Siyasette yanlış yapanı uyarmak lazım. Oyu artar ya da aynı kalırsa vatandaş memnun diye yanlışa devam ederler. Bu da memlekette sıkıntı yaratır. Son on yılda iki kriz çıkardılar. 2009 yılında, kriz teğet geçti dediler. Bu krizi büyük şehirde yaşayanlar daha çok hissetmişti. İşsiz kalanlar kriz geçene kadar köylerine dönüp idare etmişlerdi. Şimdi tarım kesimi de felaket, bütün tarım girdileri ikiye katlanmış durumda. Oysa çiftçinin sattığı ürünlerde değişiklik yok. Bu nedenle köye dönmek de çözüm değil. Karapınar ilçesinde esnafı gezerken, bir vatandaşın benden özür dilemek istediğini söylediler. Daha önce hükümeti eleştiriyorum diye bana karşı çıkmış, şimdi özür dilemek istiyormuş. Yanıma geldi, üç oğlu varmış, zamanında isimlerini Recep, Tayyip, Erdoğan koymuş.

Bu krizde ipotekler hacizler, batmış… Ne Recep’e ne Tayyip’e ne Erdoğan’a mal kalmamış. Elim kırılaydı da oy vermeyeydim diyor. Bu krizin vurmadığı yer yok. Enflasyon en yüksek, işsizlik en yüksek işsizliklerden biri. Ben otuz yıldır aktif siyasetin içindeyim devletin verdiği resmi rakamlara göre en yüksek işsizlik üç gün önce açıkladıkları işsizlik.

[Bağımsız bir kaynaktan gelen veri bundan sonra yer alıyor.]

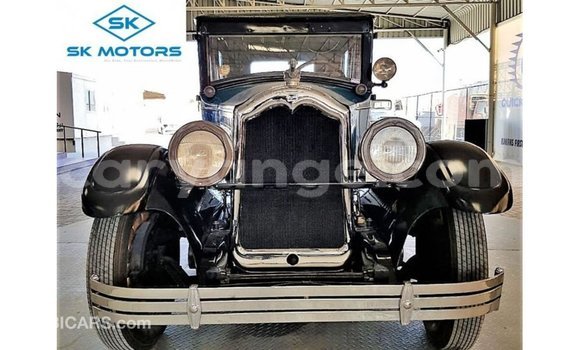 Acheter Import Voiture Buick Electra Bleu à Import - Dubai, Namibie Acheter Import Voiture Buick Electra Bleu à Import - Dubai, Namibie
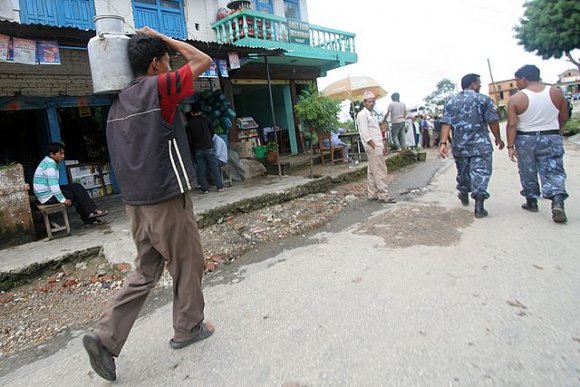 Nepal - Nagarkot. Süt taşıyan adam ve askerler.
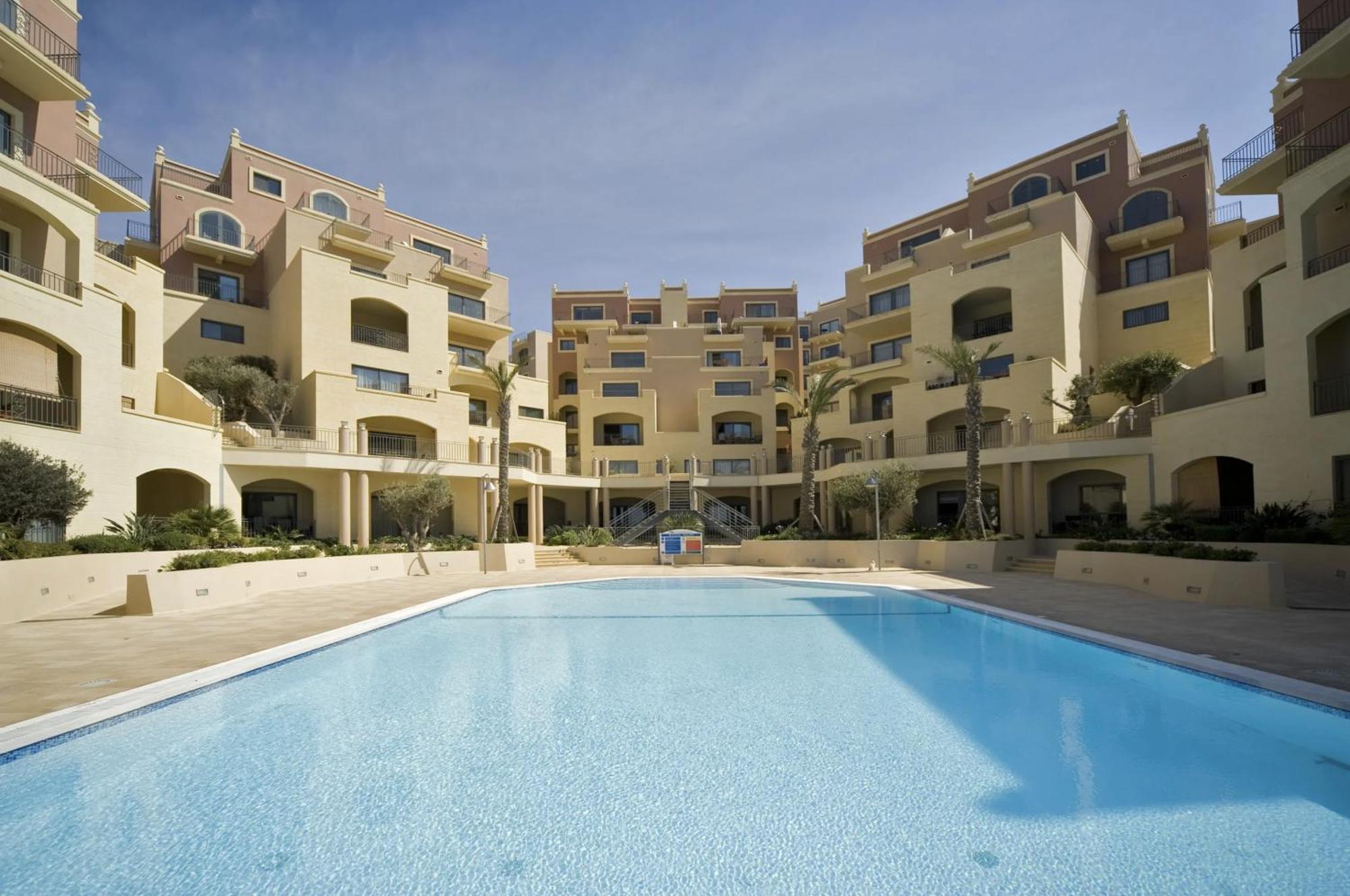 Luxury Seaview & Pool-Hosted By Sweetstay 멜리에하 외부 사진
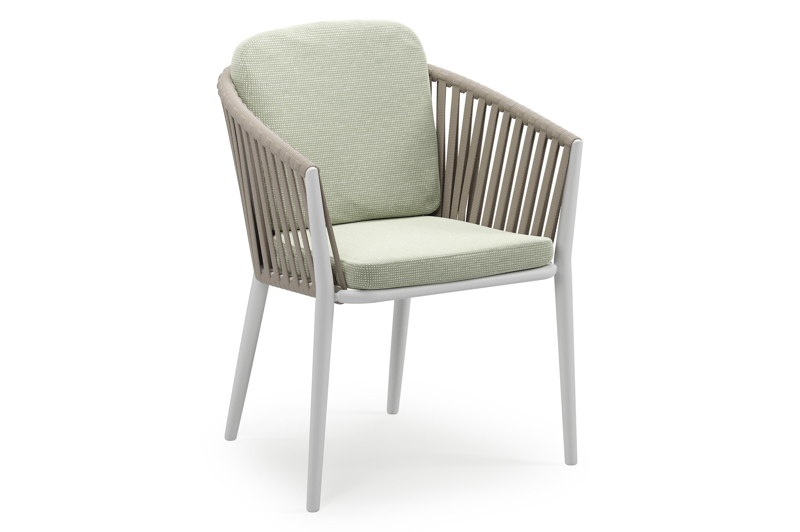 Orso stapelbare tuinstoel in wit aluminium en beige verticaal geweven luxe vlakke brede rope met stoelkussen in All Weather Sunbrella® Luxe Slow Spirea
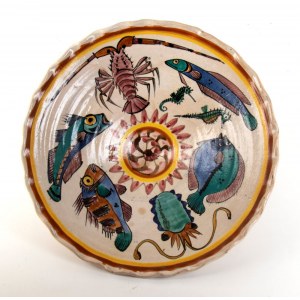 RICHARD DÖLKER (Schönberg 1896 - Kohlgraben 1955), Large plate with fishes and molluscs decoration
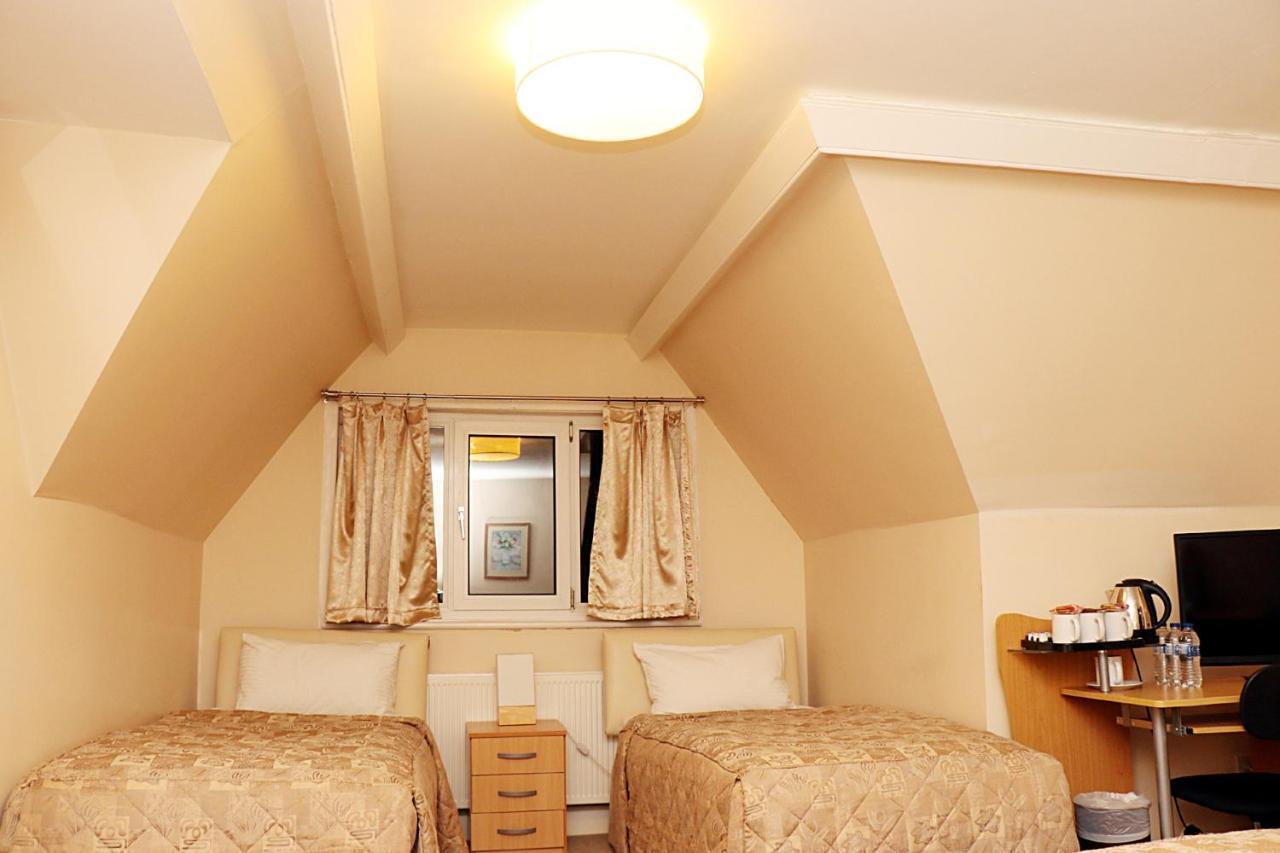 Gatwick Inn Horley Bagian luar foto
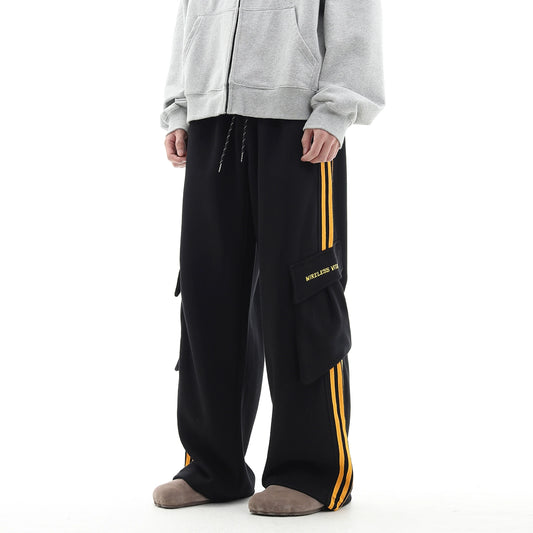 Triple-Stripe Multi-Pocket Wide-Leg Cargo Sweatpants WN10480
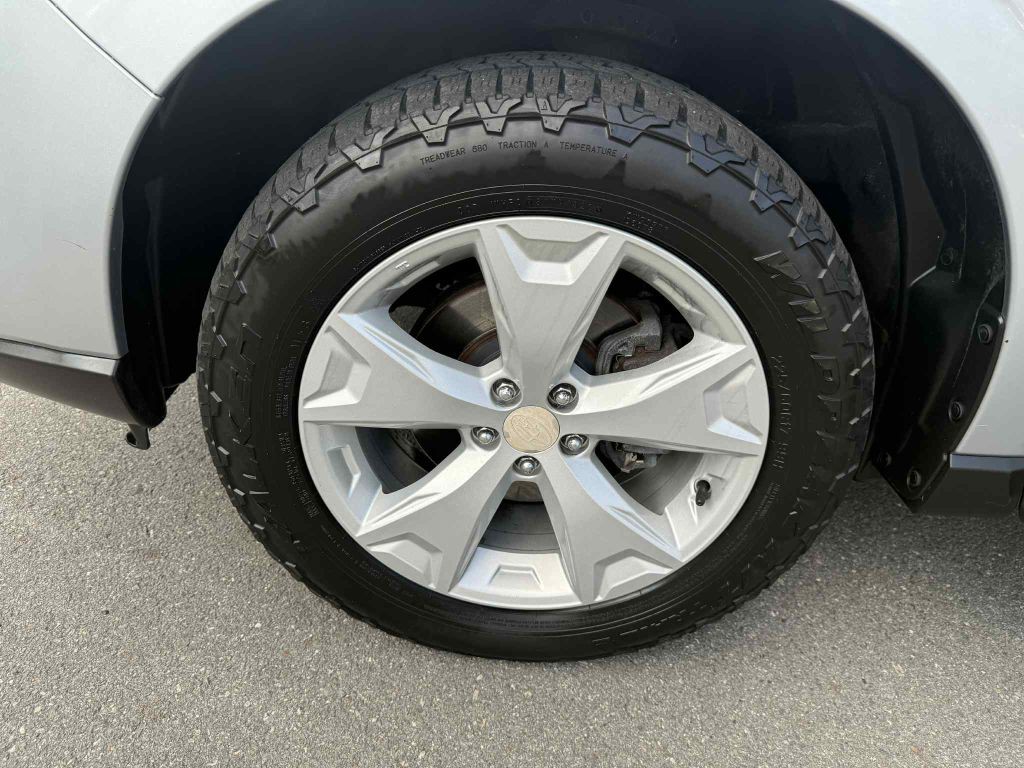 2016 Subaru Forester Image 30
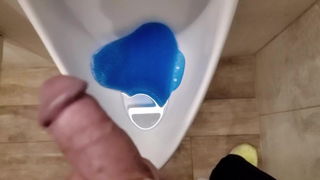 Video by Teflonleprechaun69 with the username @Teflonleprechaun69,  February 10, 2022 at 5:24 AM. The post is about the topic Home Made Amateurs and the text says 'when you cant pee!  man handle it!'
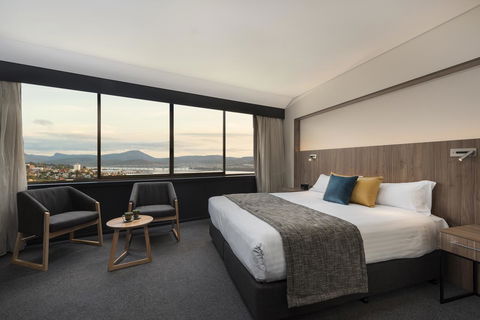 Wrest Point - Whitsundays Accommodation 14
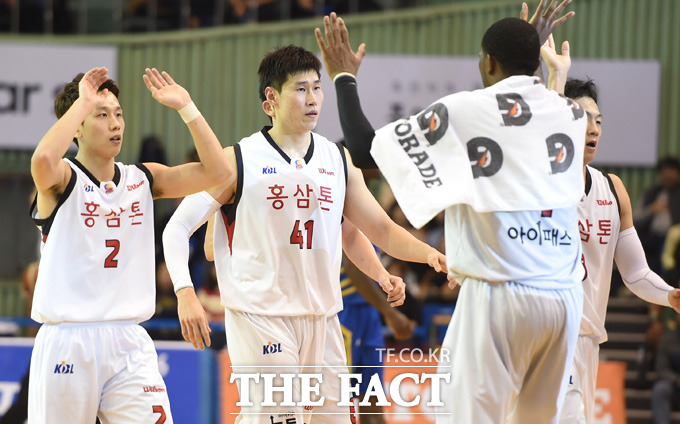 KGC 김기윤(사진 왼쪽) 골을 성공시킨 뒤 찰스로드의 환영을 받고 있다.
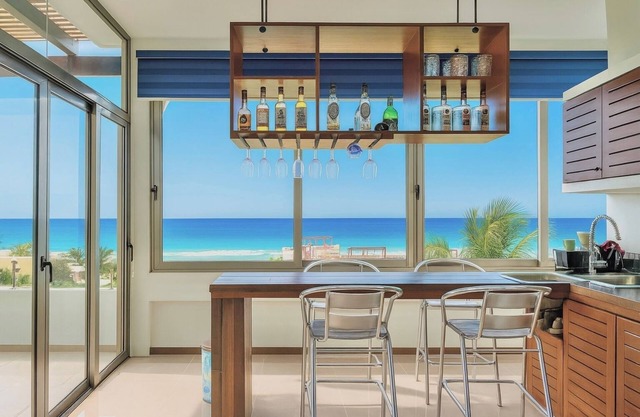 Penthouse with sea view 90 m from the beach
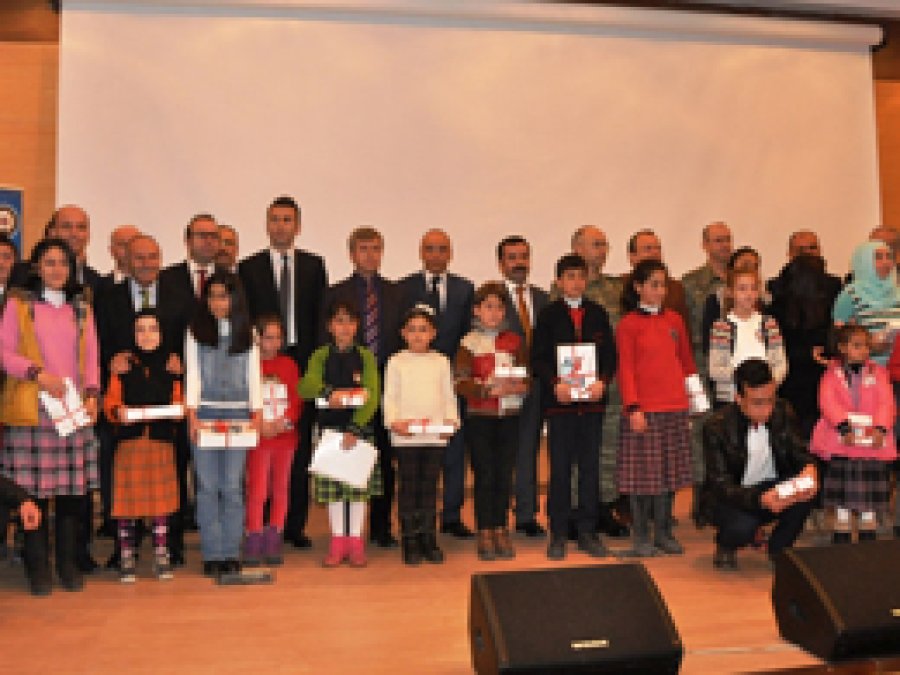 'Sanatçıların çoğu toplumun değerlerine ters'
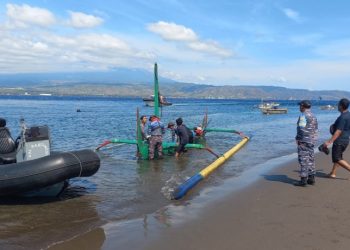 Perahu Terbalik Dihantam Ombak di Perairan Selat Bali,  Enam Penumpang Selamat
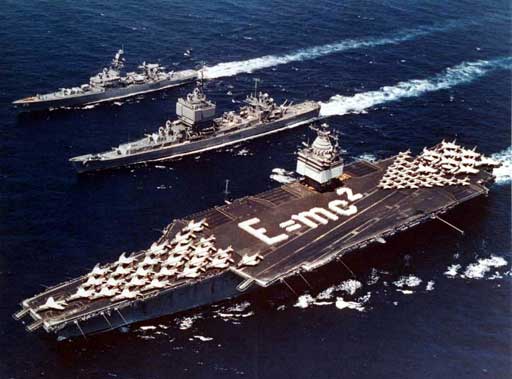 Operasi Orbit Laut: Pada 31 Juli 1964, USS Enterprise (CVAN-65) dengan , USS Long Beach (CGN-9) (tengah) dan USS Bainbridge (DLGN-25) (atas) membentuk "Gugus Tugas Satu," gugus tugas bertenaga nuklir pertama, dan berlayar sejauh 26.540 nmi (49.190 km) di seluruh dunia dalam waktu 65 hari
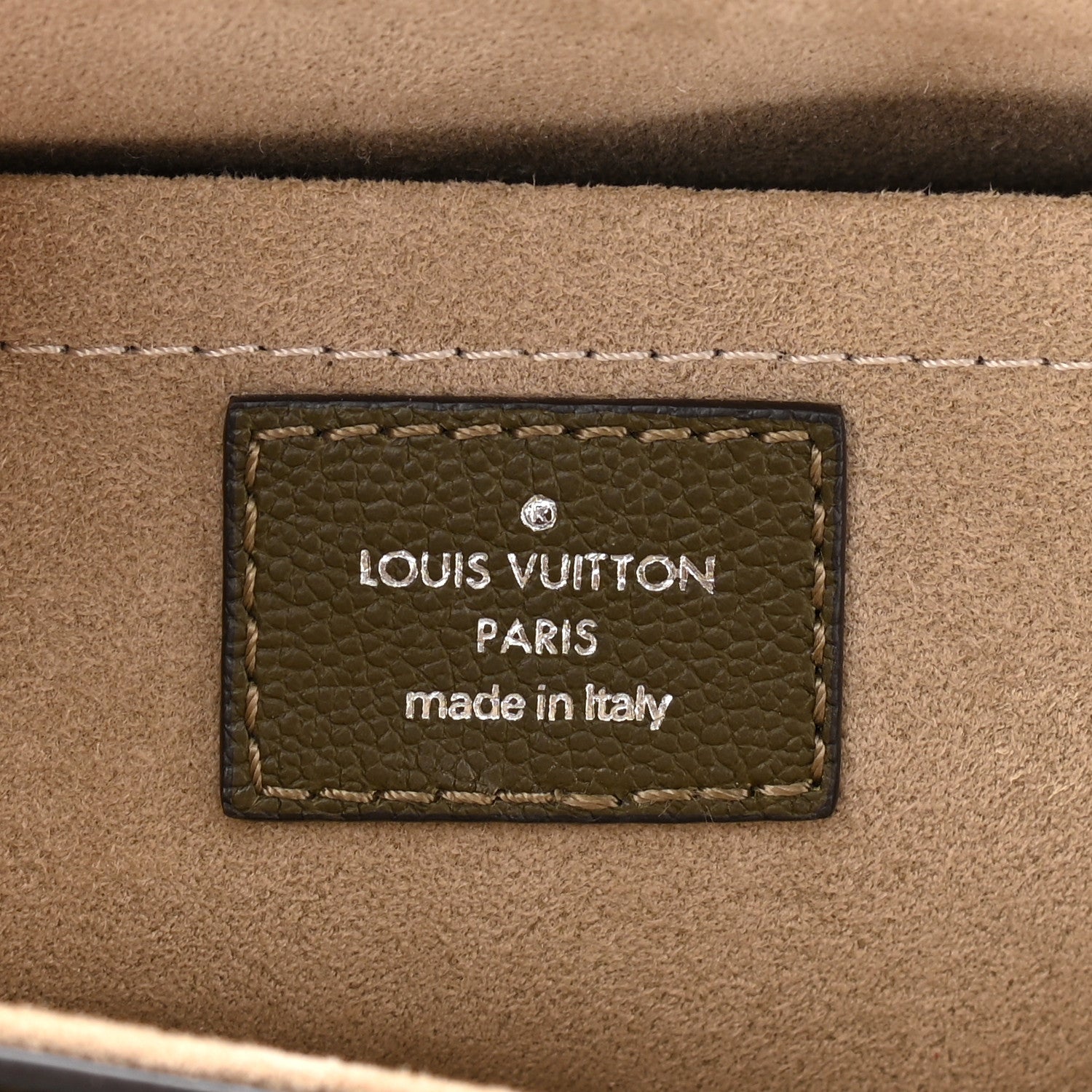 Louis Vuitton Calfskin Very Messenger Kaki 6 of 12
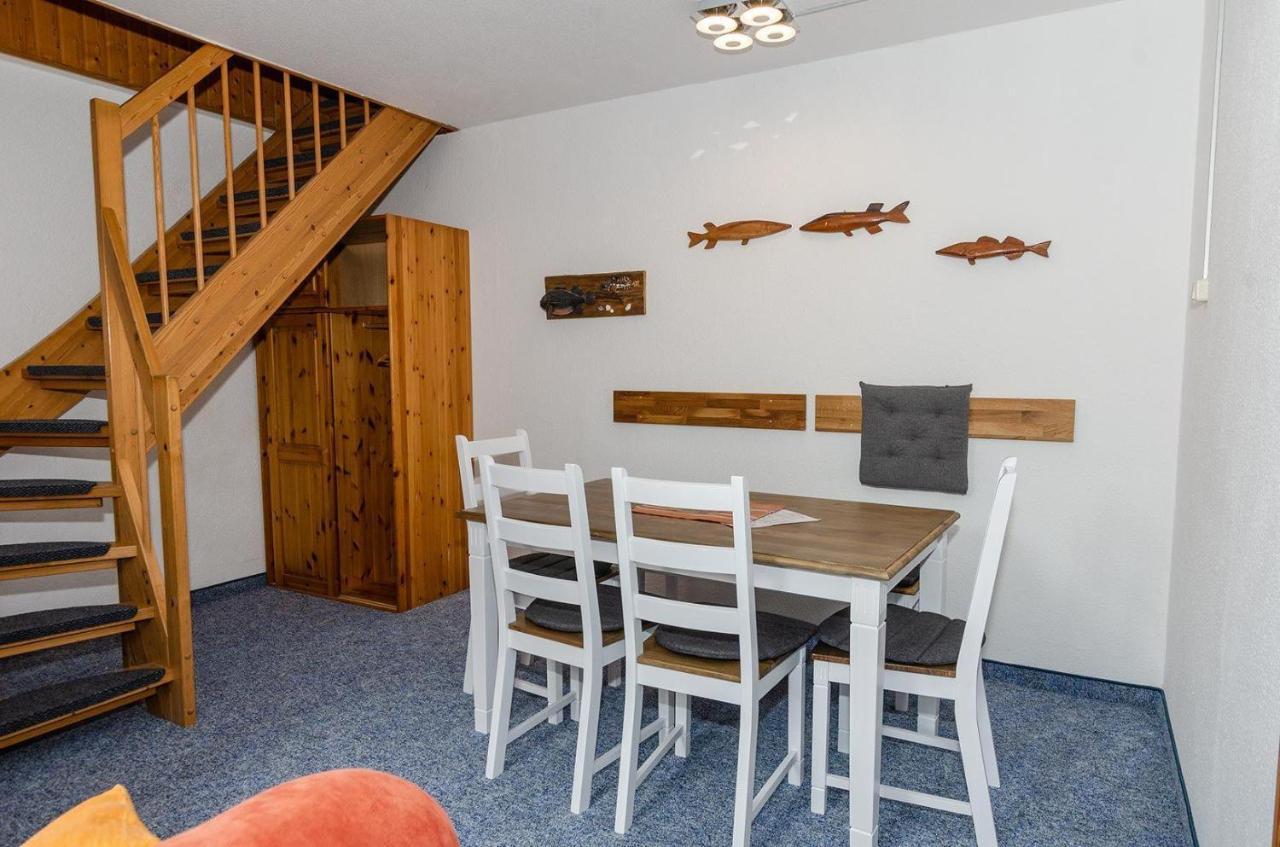 3-Raum-Fewo-Fuer-5-Personen-1-Aufbettung-Auf-Ruegen Apartamento Schaprode Exterior foto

Piyasa daralmış vaziyette. Hem tarımda hem sanayide hem esnafta hem de tüm tüketicilerde sorun var. Bu krizin sebebi Amerika, Rahip Brunson dediler serbest bıraktılar. Arkasından soğan, patates, marketler, pazarlar dediler, en son bu krizin sebebi Kılıçdaroğlu dediler. Ekonomiyi kötü yönetmiş krize sokmuşlar, sorumluluk kabul etmiyorlar. Yetkili demek sorumlu kişi demektir. Yetki ne kadar fazlaysa sorumluluk da o kadar fazladır. Hatta siyasetteki unvanların tamamı o kişilerin sorumluluğunu tanımlar. Sorumluluğum yok diyorsa uyarmak lazım.

Bu seçimler vesilesiyle Ankara’ya yazacağımız mektupta:

Uyarıyoruz ekonomiyi iyi yönetemiyorsunuz. Her yeni yılda eskisine göre daha kötü işler yapıyorsunuz.

Uyarıyoruz eğitim sistemi çökmüş, 408 bin öğrenci üniversitelerden kaydını sildirmiş çünkü okudukça işsiz kalma ihtimalleri artıyor. Uyarıyoruz dış politika yanlış. Son sekiz yıldır İslam dünyasının çektiği acı bin beş yüz yıldır çekilenden fazladır. Dünyaya karşı İslam çirkinleştirilmiştir. İsrail’in projesine uygun olarak hazırlanan Büyük Ortadoğu Projesine verilen destekle bu iktidar dünyanın en günahkar iktidarıdır. İslam dünyası kan gölüne dönmüştür.

Uyarıyoruz doğru bilgilenme hakkımızı gasp ediyorsunuz biz vatandaş olarak doğru bilgilenmek istiyoruz. Medya üzerindeki baskıları, konuşan, yazan, çizen, siyaset yapanları konuşmalarından dolayı, hatta vatandaşlara sosyal medyadaki paylaşımlarından dolayı açtığınız davalardan vazgeçin.

Uyarıyoruz iç politikanız yanlış, siyasi üslubunuz yanlış, bu ayrıştırıcı tavır yanlış.

Eğer sandıklarda yönetenlere bu uyarıları yaparsanız, Timur’un filini geri göndermiş olursunuz. Yok, sandıklarda kazanırlarsa Timur size ikinci bir fil gönderecek haberiniz olsun.”

Bakalım fili geri gönderebilecek miyiz?